### PROBLEM REQUIREMENTS
Begin at the line containing "A green Ford" and restate it and each line after it exactly, up to and including the last line below. Leave pictures out.

### DATASET EXCERPT
....
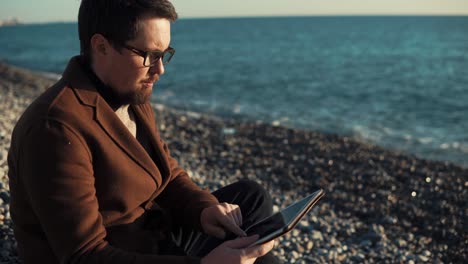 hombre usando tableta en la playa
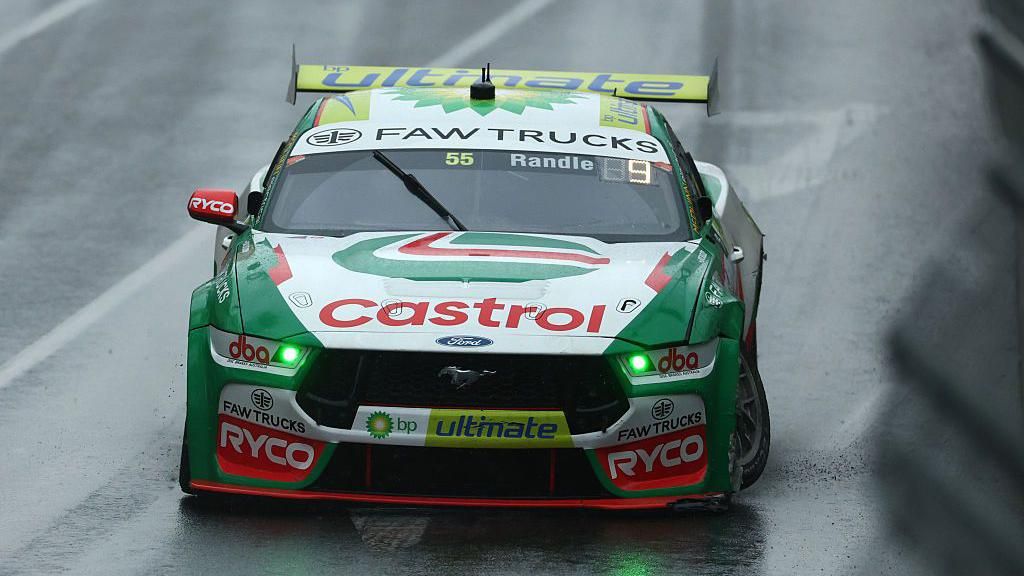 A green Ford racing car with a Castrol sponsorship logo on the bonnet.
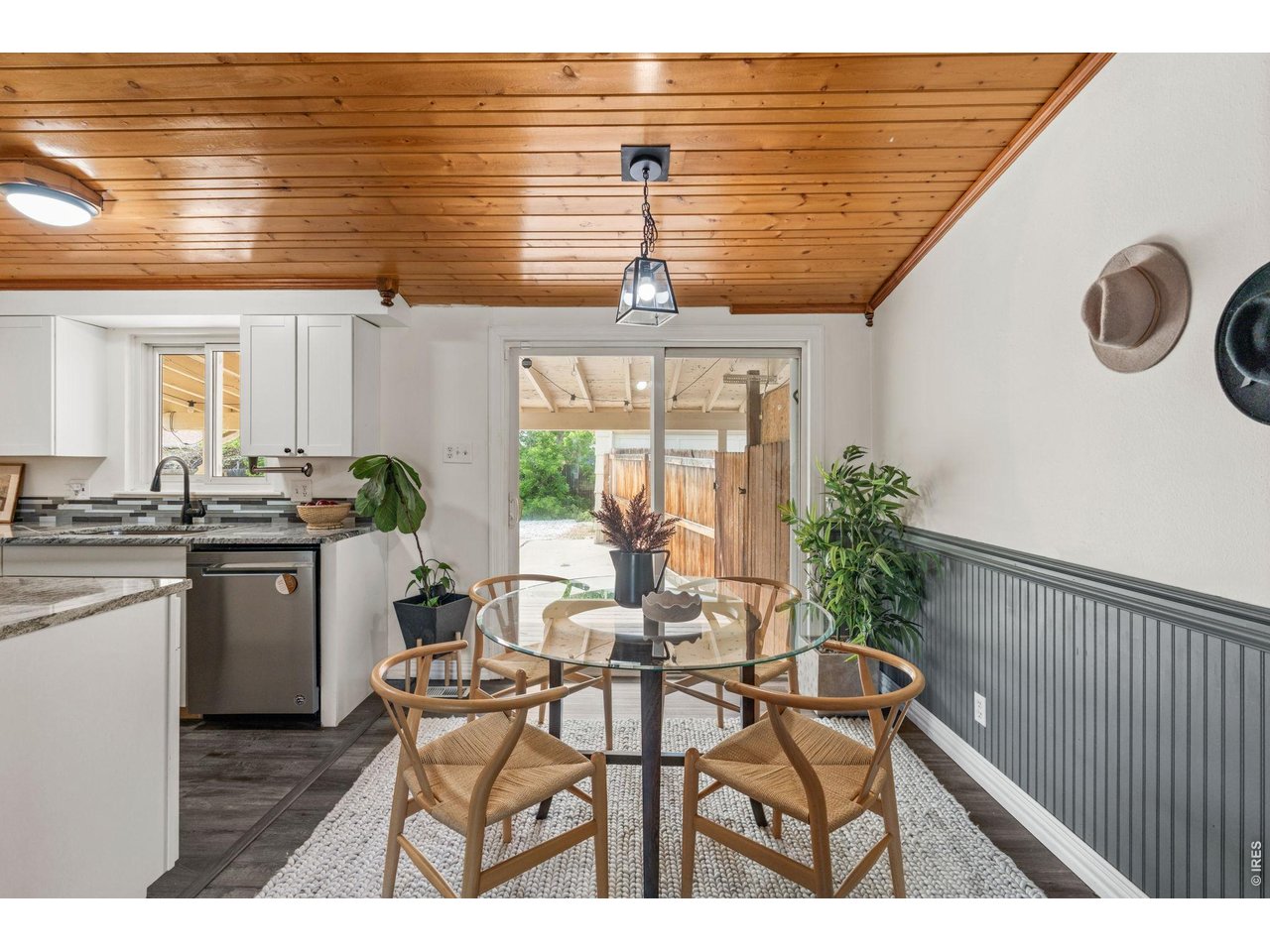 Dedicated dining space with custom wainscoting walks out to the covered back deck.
....
### TASK SOLUTION
 A green Ford racing car with a Castrol sponsorship logo on the bonnet.
 Dedicated dining space with custom wainscoting walks out to the covered back deck.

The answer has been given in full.